Generation of highly reactive OH groups at the surface of TiO2 nanotubes

Titania with nanotubular morphology was synthesized hydrothermally via the reaction of a commercial TiO2 anatase with NaOH solution at 413 K followed by a washing procedure with an HCl solution. The obtained nanotubes were dried at 373 K and then annealed at 573 and 673 K. All samples were characterized using X-ray diffraction, Raman spectroscopy, HRTEM, nitrogen physisorption and FTIR of adsorbed CO. Tubular morphology was preserved up to 673 K although the collapse of nanotube walls took place and formation of anatase microdomains was observed. Low temperature CO adsorption was followed by FTIR on orthorhombic layered titanate and on anatase transformed nanotubes. The samples were annealed in situ and ex situ in order to know the origin of reactivity of surface OH groups.
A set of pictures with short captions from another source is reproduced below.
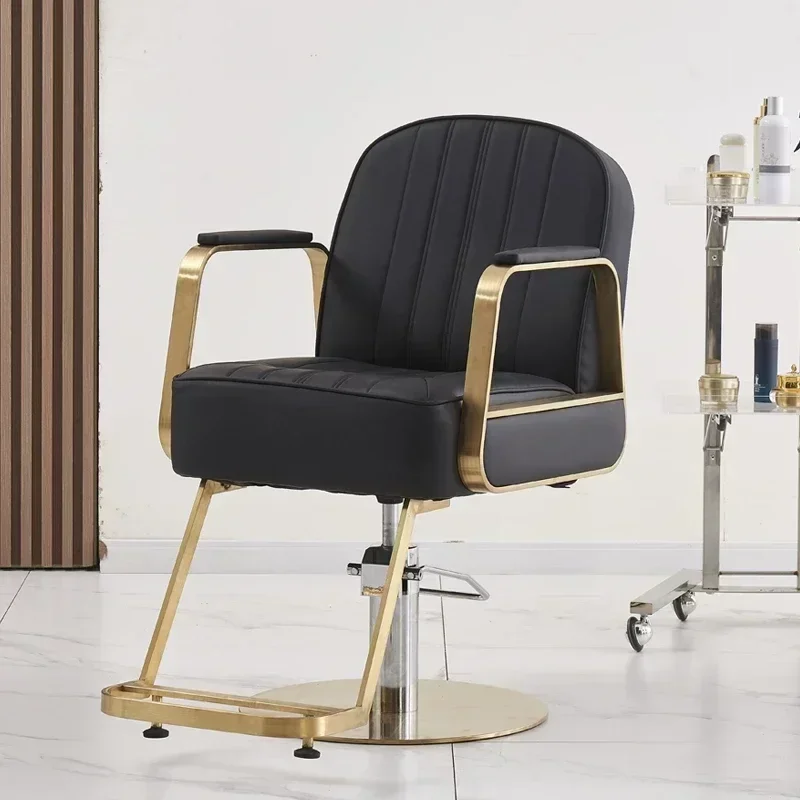 

Beauty Design Barber Chairs Chaise Coiffure Ergonomic Salon Equipment Chairs Luxury Style Sillon Para Barberia Salon Furniture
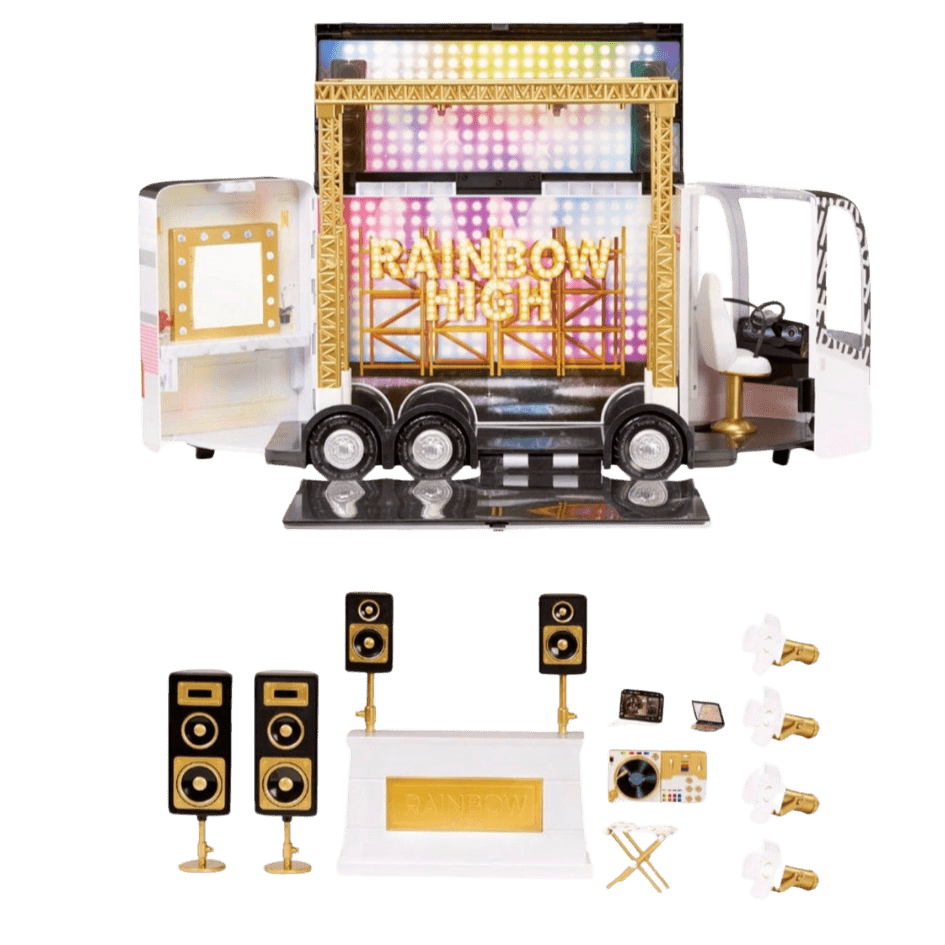 Tentpole Playset Rainbow Vision World Tour Bus MGA Rainbow High LOL Surprise!
- LOW&BEHOLD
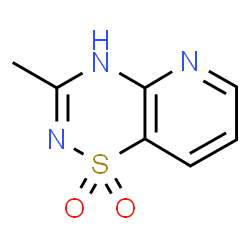 ChemSpider 2D Image | 3-Methyl-4H-pyrido[2,3-e][1,2,4]thiadiazine 1,1-dioxide | C7H7N3O2S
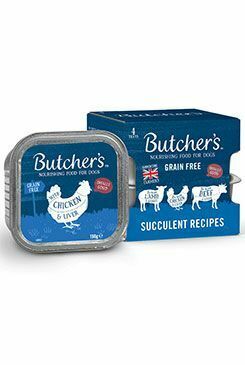 Butcher's Dog Original hovězí/kuř/jehn vanička 4x150g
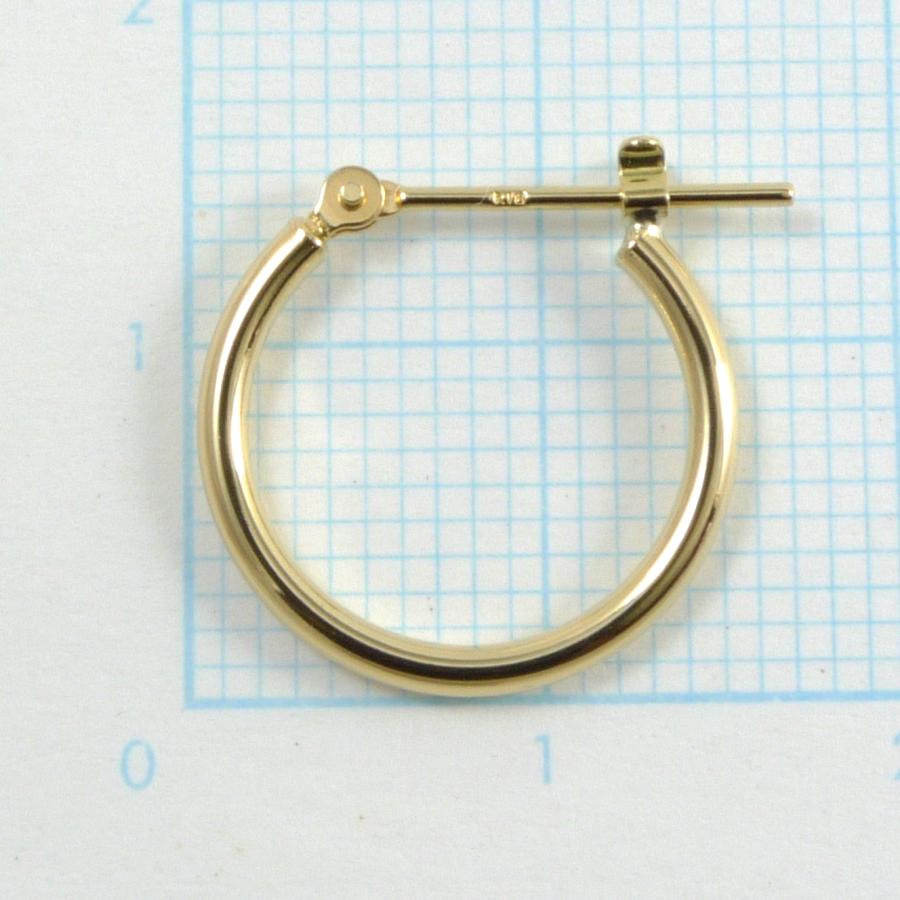 TRIDEA JEWELRY 18金 フープピアス 小さめ 国産 幅1.5mm 外径 TRIDEA JEWELRY 18金 フープピアス 小さめ 国産 幅1.5mm 外径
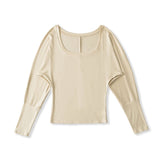 Big U Collar Long-Sleeved T-Shirt T-Shirt Inside The New Pure Desire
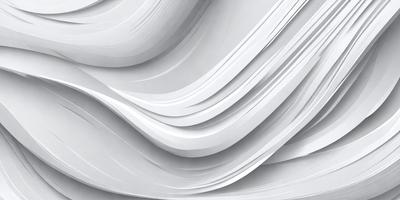 The primary subject of the image is a large stack of white paper. The setting is a white background, which creates a clean and minimalist visual style. The paper appears to be a digital art or illustration, as it is not a photo or a clipart. The colors are predominantly white, giving the image a clean and organized appearance.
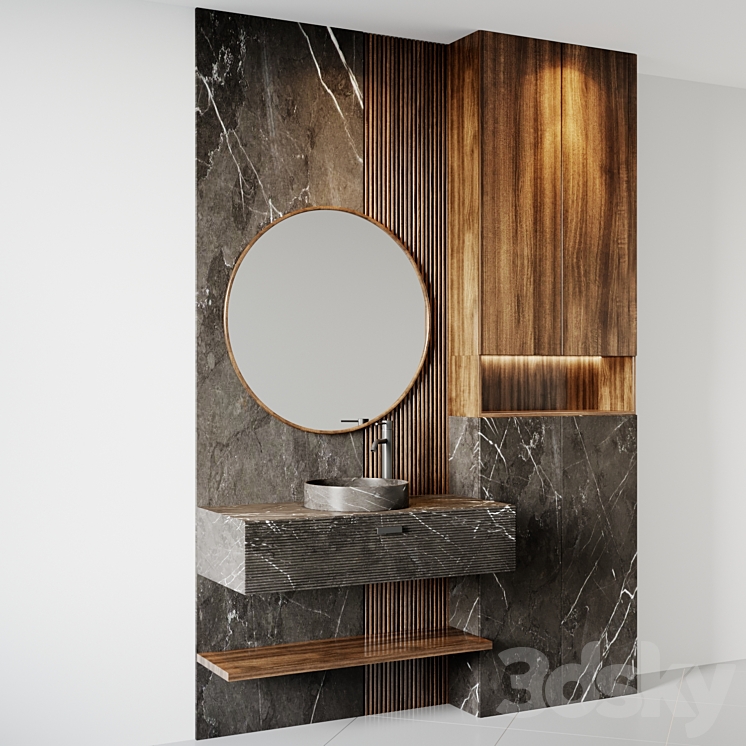 bath set 25 3DS Max - thumbnail 2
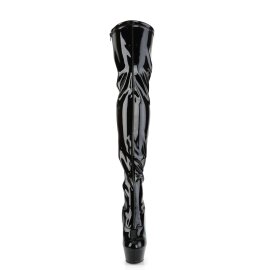Pleaser KISS-3000 Stivali Sopra Il Ginocchio - Vernice...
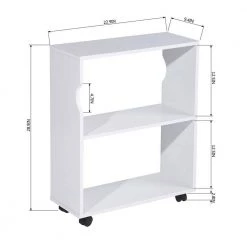 Midtown 47.4 in. White Writing Desk with Movable Shelves by Homy Casa -Homy Casa Shop white homy casa writing desks midtown lr beech a 44 1000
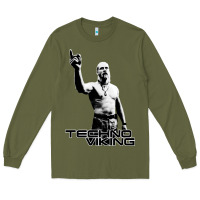 Army Green techno viking Long Sleeve Tee - lanVoArt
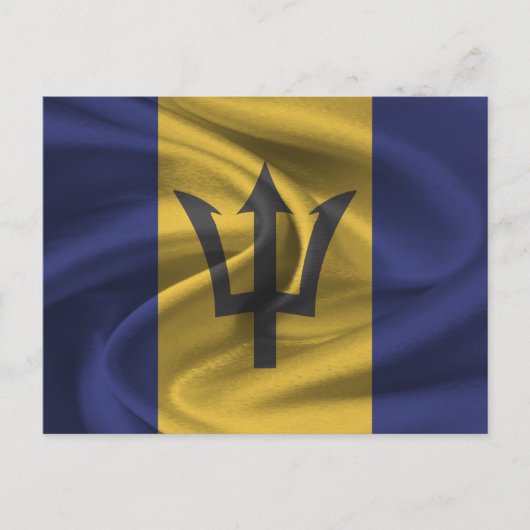 Carte Postale Drapeau Barbade (Devant)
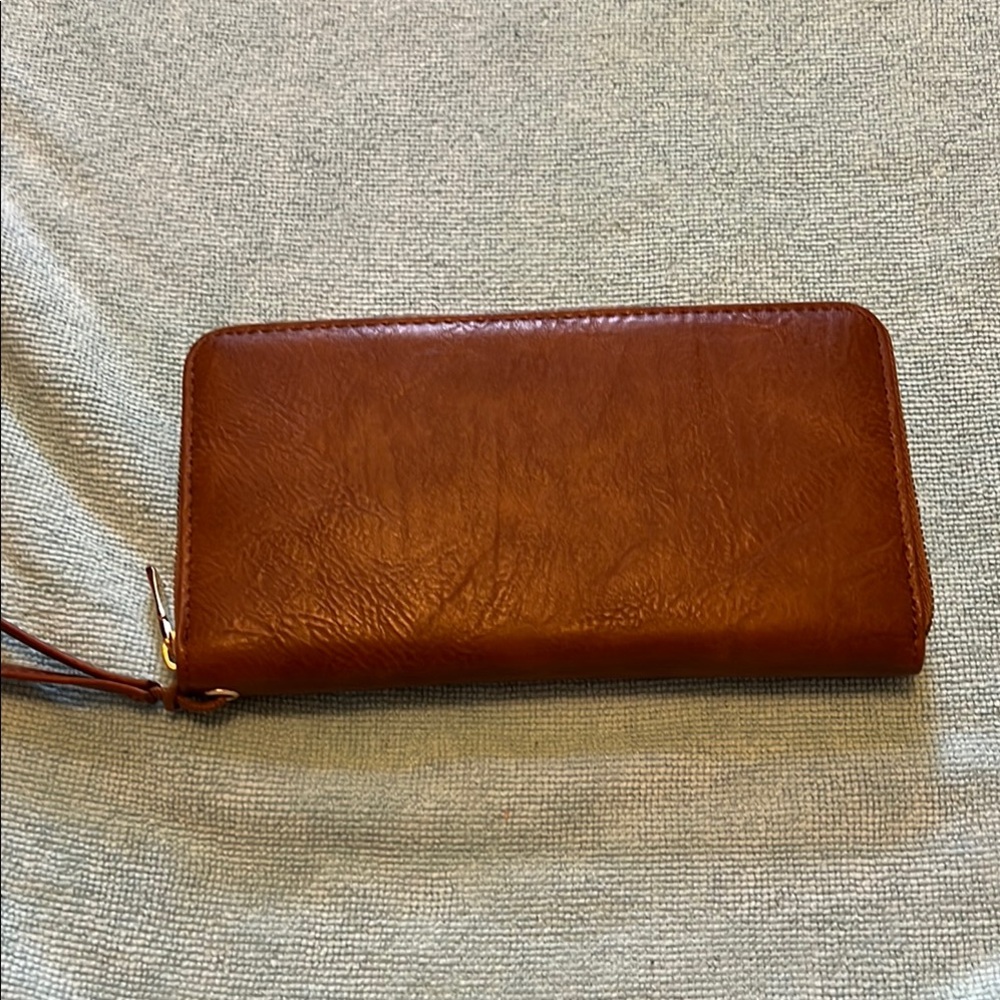 Brown Leather like Wallet.  Brand New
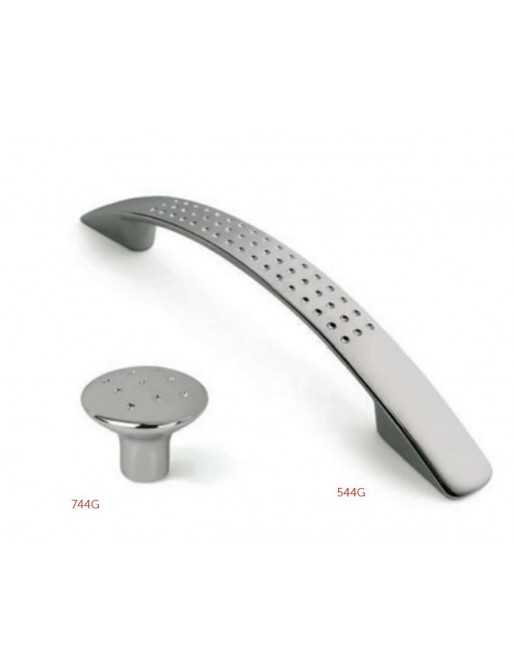 Tiradores y pomos para cajones (ACABADO EN CROMA MATE, 35MM)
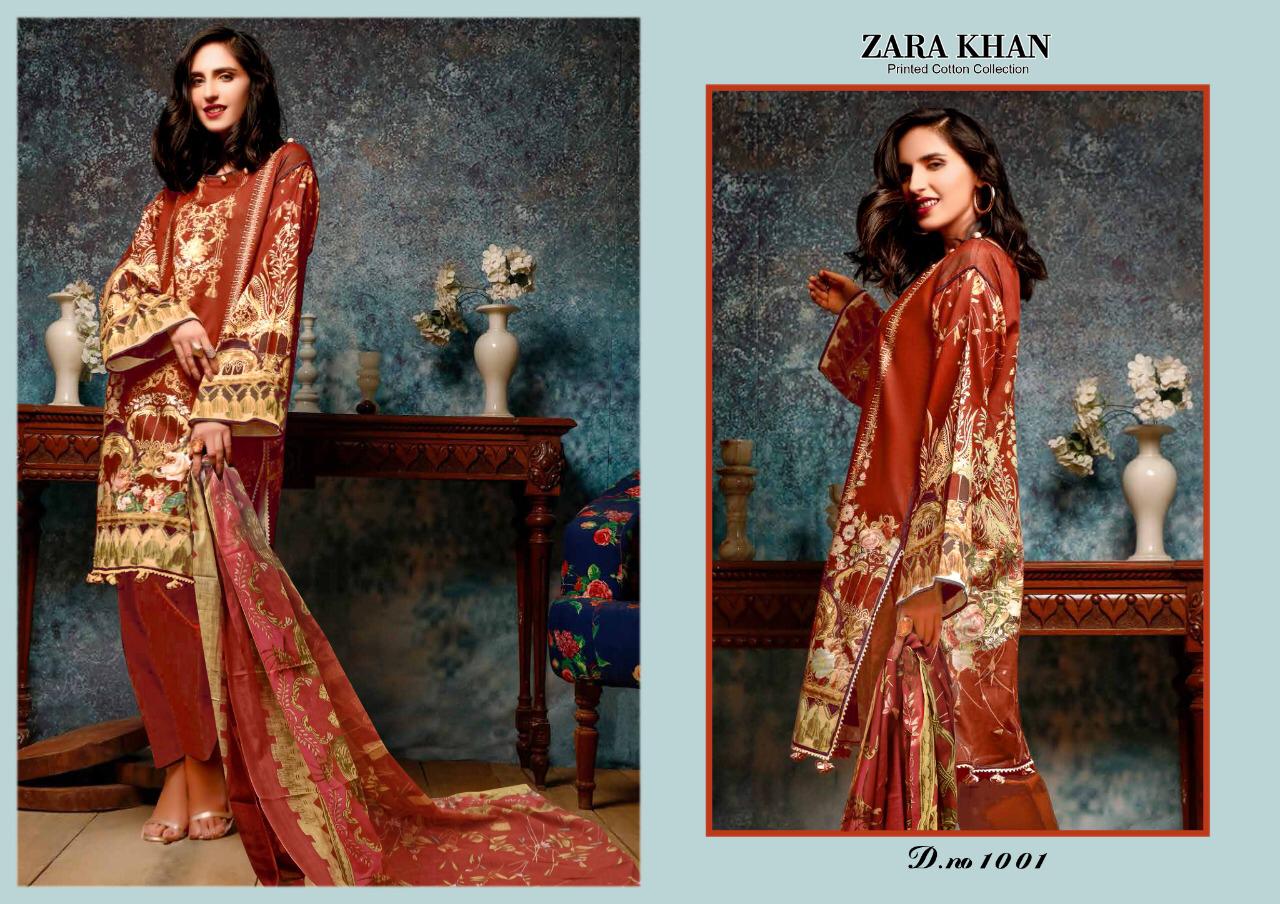Salman Tex Zara Khan Printed Cotton Collection 1001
In situ treated samples presented higher adsorption of CO molecules than samples treated ex situ, nevertheless, the latter present higher activity toward CO oxidation into CO2. FTIR results reveal the existence of highly reactive OH groups toward CO oxidation at the surface of nanotubular titania calcined ex situ. These hydroxyl groups might be generated from the dissociation of water molecules adsorbed on the strongly deformed TiO6 octahedra in the curved structure of nanotubes. This fact suggests that enhancement of CO oxidation activity of TiO2 nanotubes can be achieved by their exposure to adequate doses of water vapor, producing CO2 at temperatures as low as 100 K. Total extinction of CO and CO2 vibration bands in FTIR spectra at temperatures above 240 K evidenced the reversibility of the adsorption process.